[Data records — start]

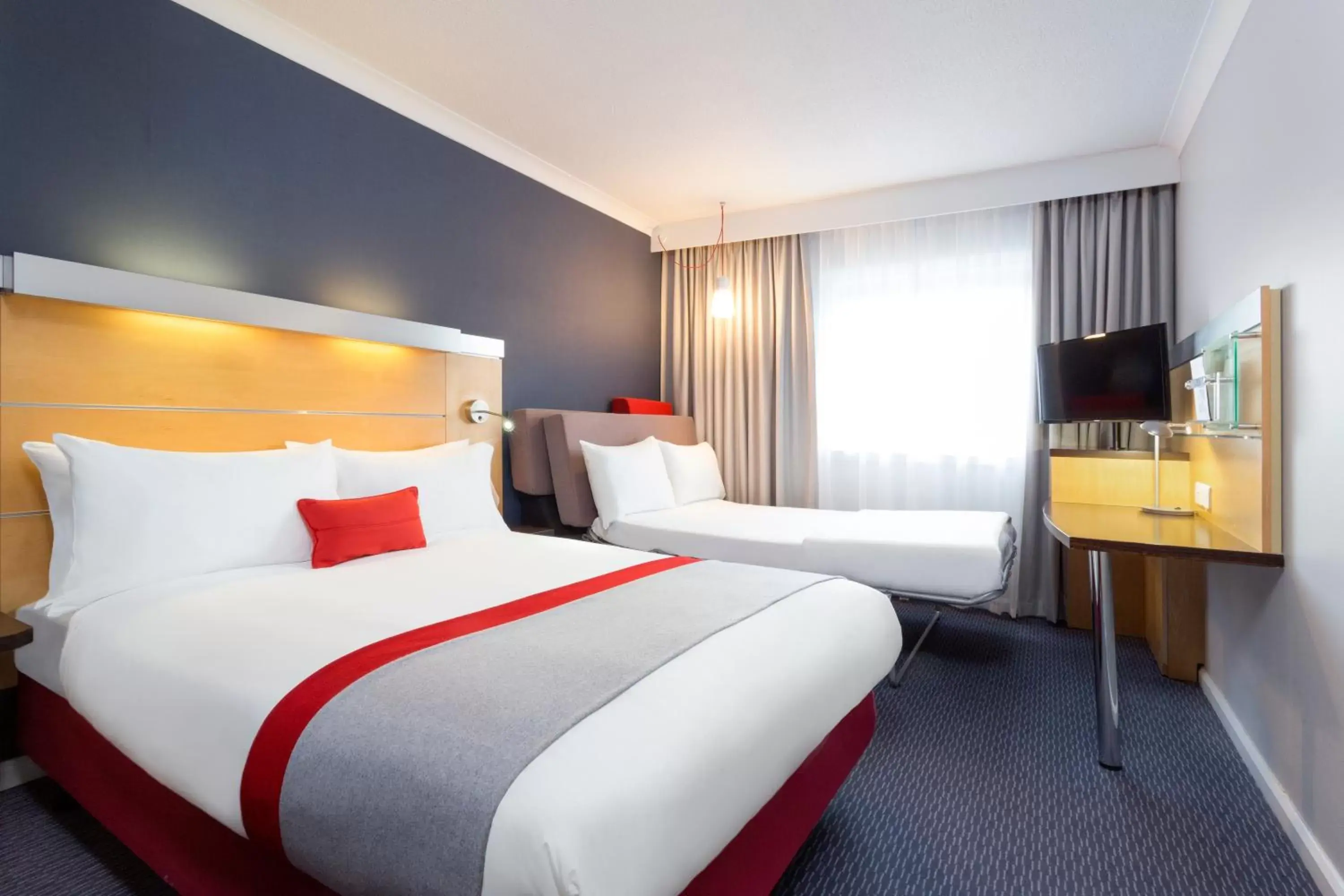 Holiday Inn Express Southampton - M27, J7 by IHG Holiday Inn Express Southampton - M27, J7 by IHG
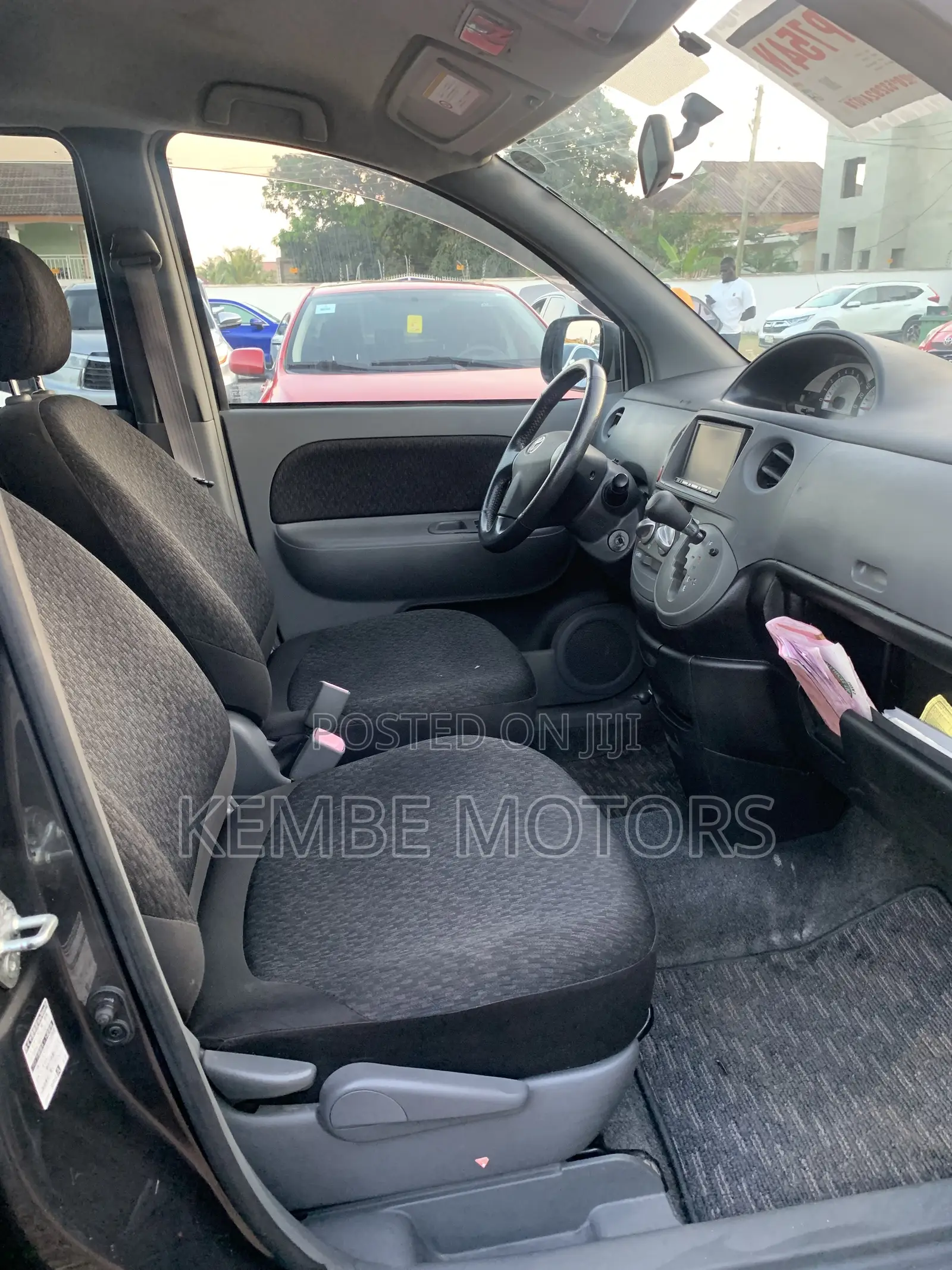 Toyota Sienta 2011 Silver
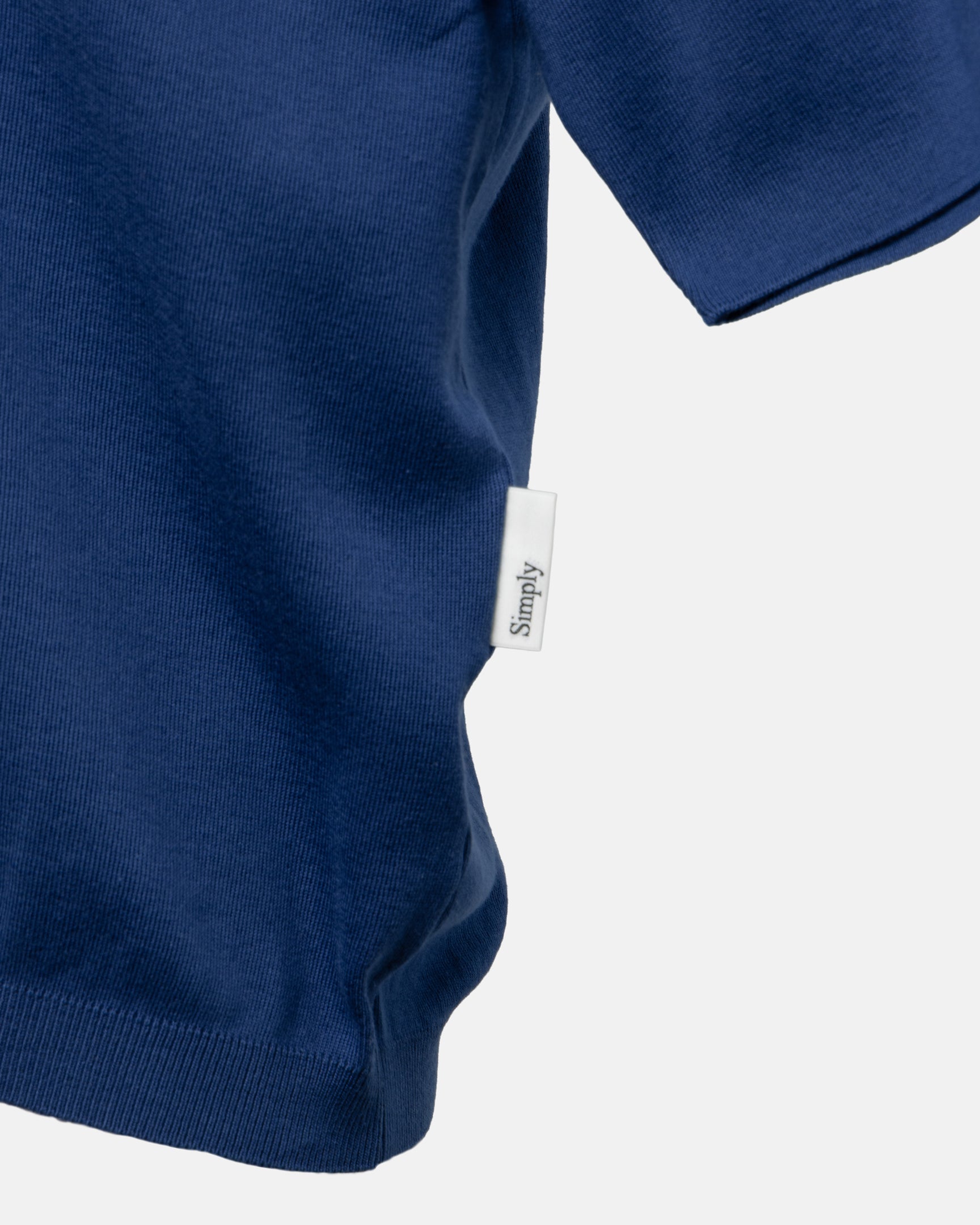 SPLIT S/S KNIT TEE NAVY – SimplyComplicated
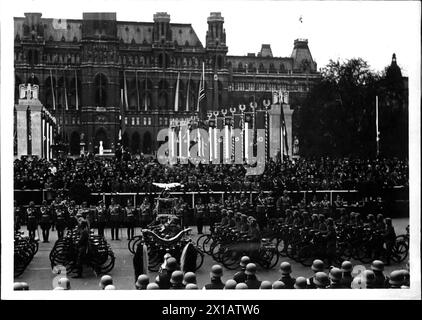 Parata onoraria della Wehrmacht, sfilata della Wehrmacht in occasione del compleanno di Adolf Hitler march-passato un'altra sezione di biciclette di fronte al municipio di fronte al colonnello generale List e generale dell'aereo Loehr, 20.4.1939 - 19390420 PD0131 - Rechteinfo: Rights Managed (RM) Foto Stock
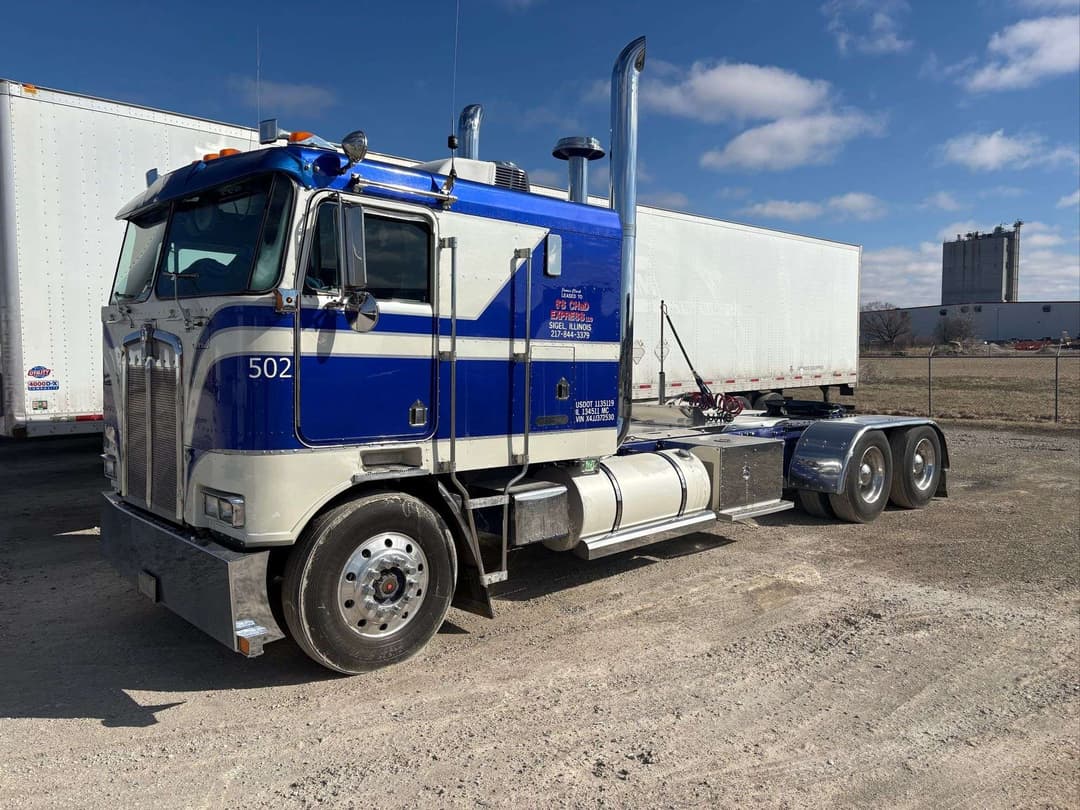 Image of Kenworth 100E Image 1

[Data records — finish]

Task requirements.
Retype exactly the lines above, starting at the line containing "Toyota Sienta 2011 Silver" and ending with the last line, both included; leave out the pictures.

Answer for the task.
 Toyota Sienta 2011 Silver
 SPLIT S/S KNIT TEE NAVY – SimplyComplicated
 Parata onoraria della Wehrmacht, sfilata della Wehrmacht in occasione del compleanno di Adolf Hitler march-passato un'altra sezione di biciclette di fronte al municipio di fronte al colonnello generale List e generale dell'aereo Loehr, 20.4.1939 - 19390420 PD0131 - Rechteinfo: Rights Managed (RM) Foto Stock
 Image of Kenworth 100E Image 1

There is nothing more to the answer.